Good: Strong base set, classic design, compelling checklist.
Bad: Lack of innovation.
The Bottom Line: 2010 Topps Heritage certainly doesn't reinvent the wheel, but its still an above average product that is worth checking out.
I'm personally a huge fan of the 1961 Topps baseball set, so 2010 Topps Heritage scored big designwise for me right out the door. As always the chrome parallels are very nice touch, especially the refractors. One of the subtle design changes in this year's set is the fact that the short printed base cards have white backs to distinguish them from the brown backed regular base cards. My true introduction to Topps Heritage was the 2007 set, and the lack of distinguishing characteristics for the short printed cards annoyed me to no end.
While I love to see Topps Heritage in the month leading up to spring training each year, one of the byproducts of the early release date that the checklist of rookies tends to be fairly weak. Such is the case with this year's release, with the notable exceptions of Madison Bumgarner and Buster Posey.

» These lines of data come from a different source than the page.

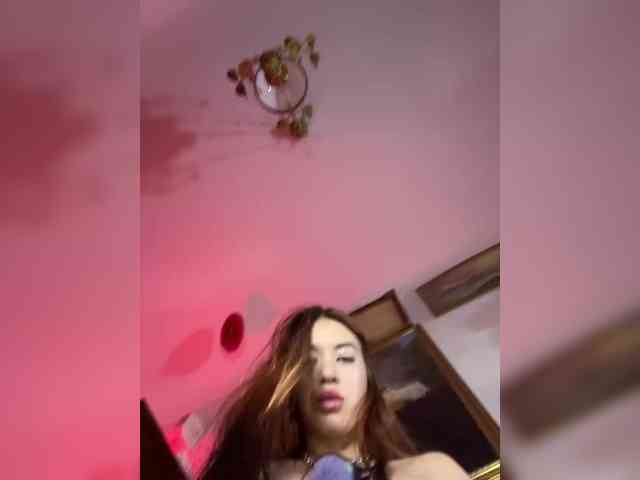 Lina69Femdom webcam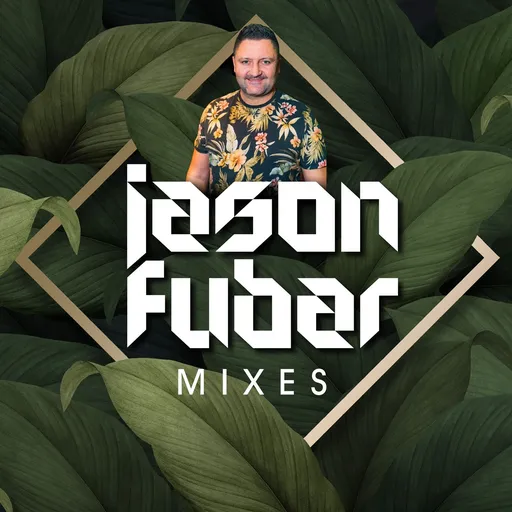 Jason Fubar Mixes Artwork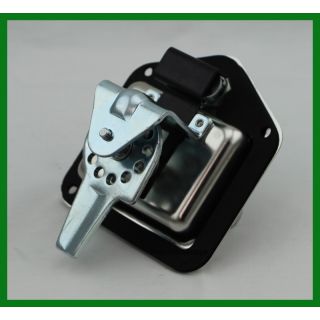 Stainless Steel T-Handle Latch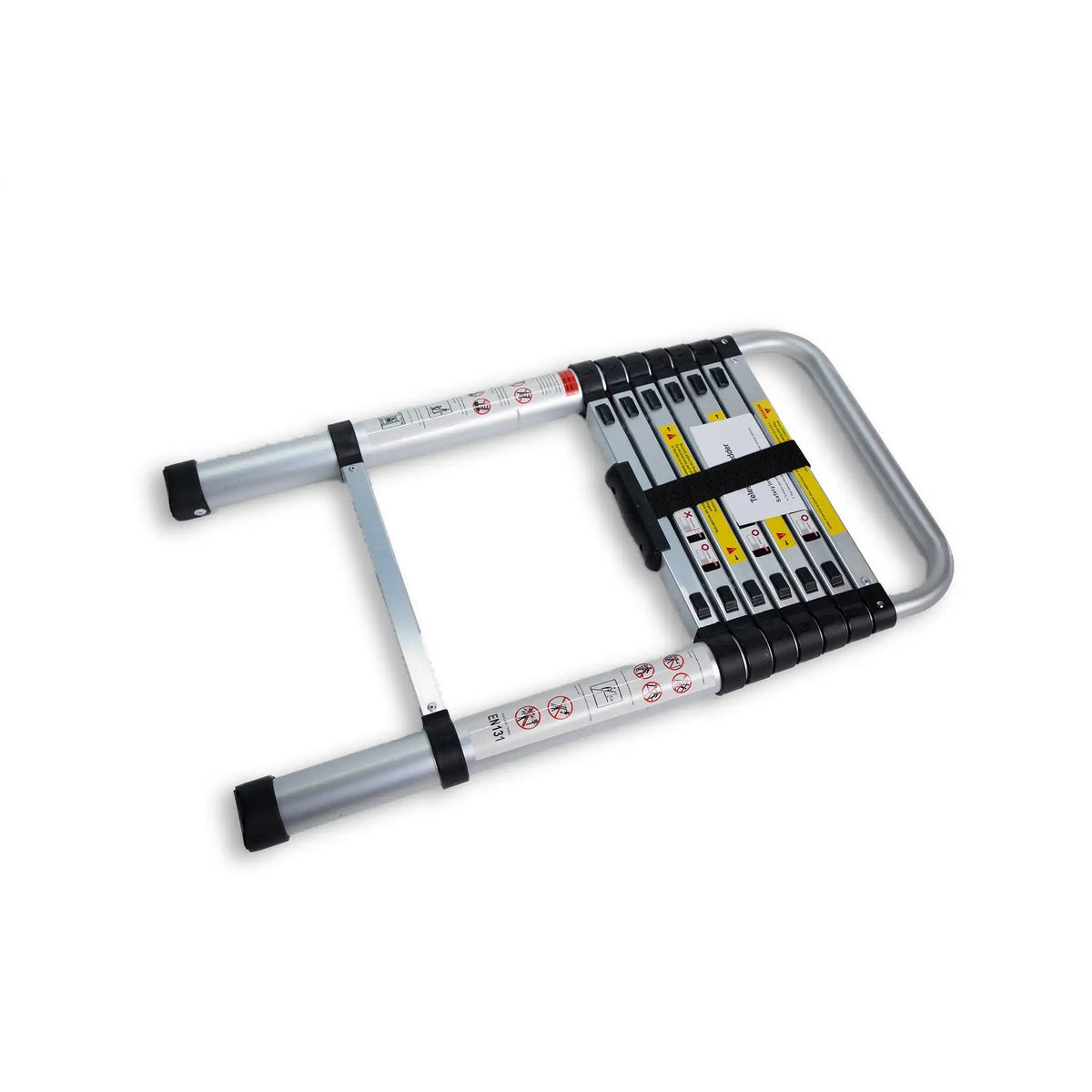 Freespirit Recreation High Country telescoping ladder for Toyota rooftop tents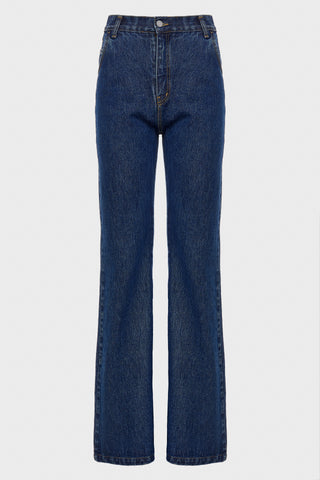 Martini Denim Trousers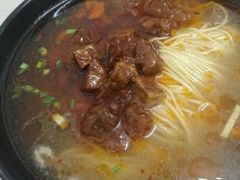 辣酱面-大富贵(江西中路店)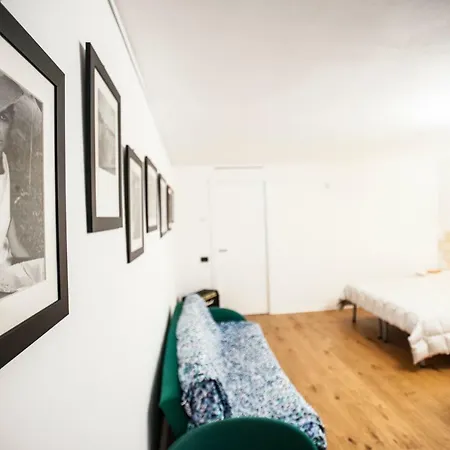 La Casa Inclinata * 马泰拉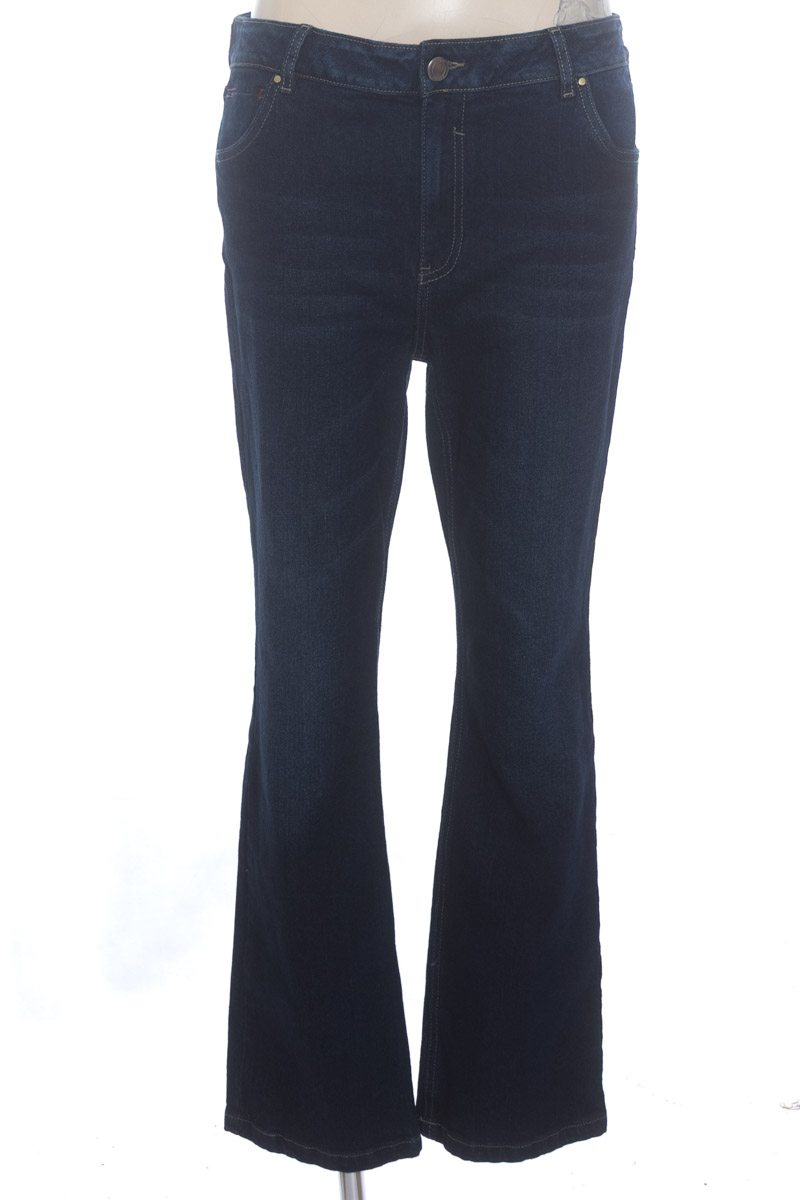 Pantalones color Azul - Esprit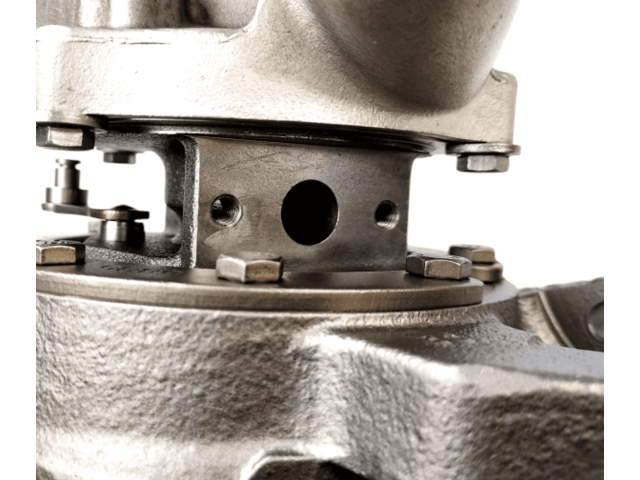 Турбина SsangYong Actyon sports I 54409700014, TC30-0022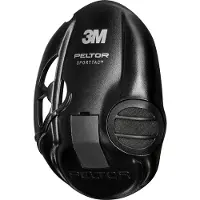 3M Peltor SportTac 210100-478-SV Reserve oorschelp 26 dB 1 paar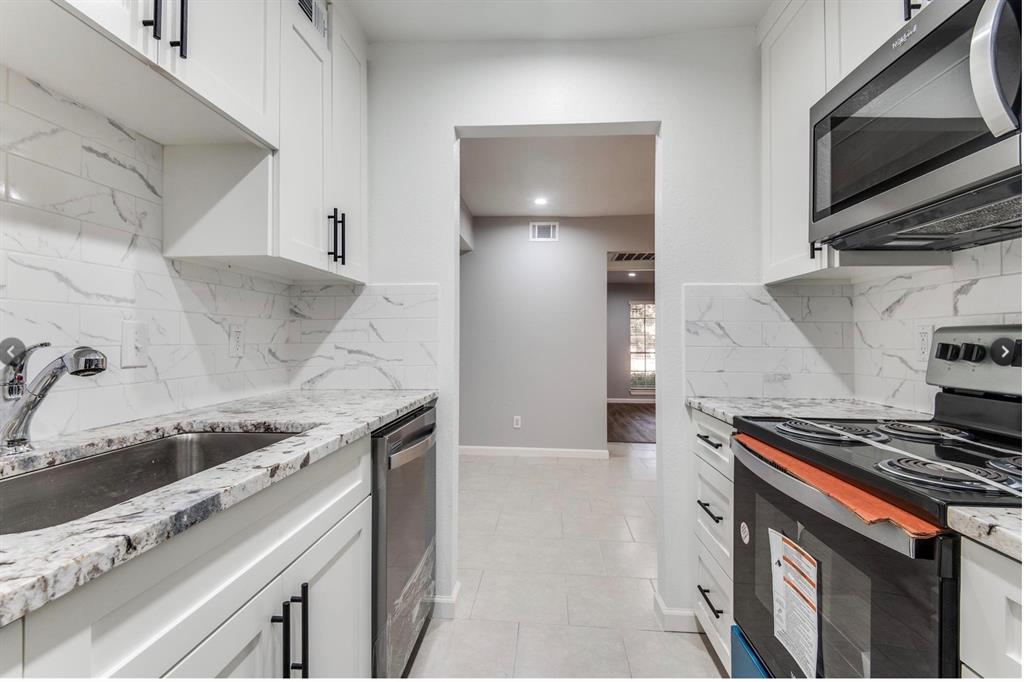 Valley View Condos - Residential Lease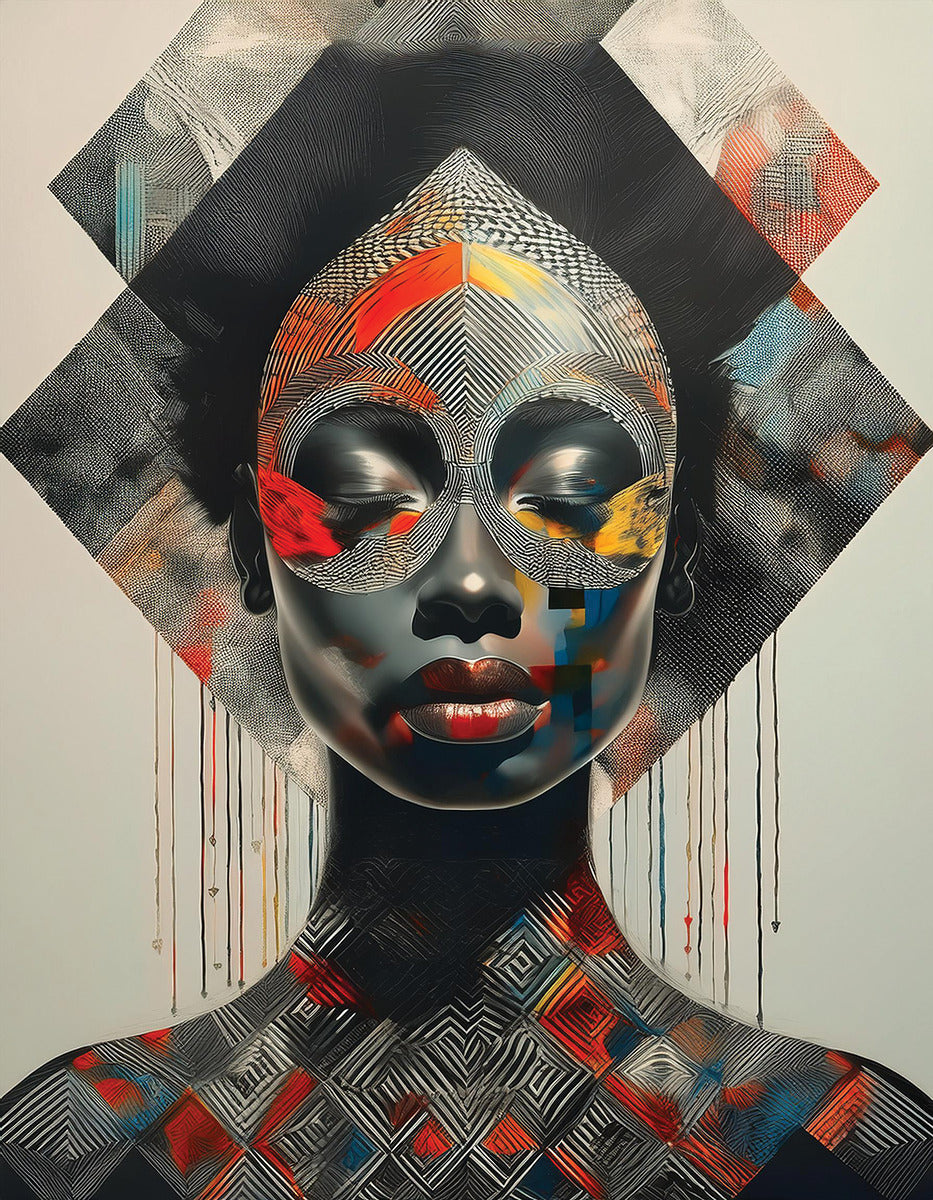 2313570 :: Giclée Poster Satin Photo Paper Print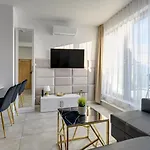 Granaria Apartments By Blue Mandarin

Topps Heritage always wins high grades in the value department for me, simply because it is such a complete product. This year's product is no different, though
I'm personally not as high on the brand as I once was. This isn't so much a result of anything 2010 Topps Heritage did wrong persay, as it follows the formula of its predecessors perfectly. Perhaps that is the problem. How much is too much of a good thing? Topps Heritage is a great set still, don't get me wrong, but unless the brand is re-energized in 2011 I see it fading away into relative mediocrity in the near future.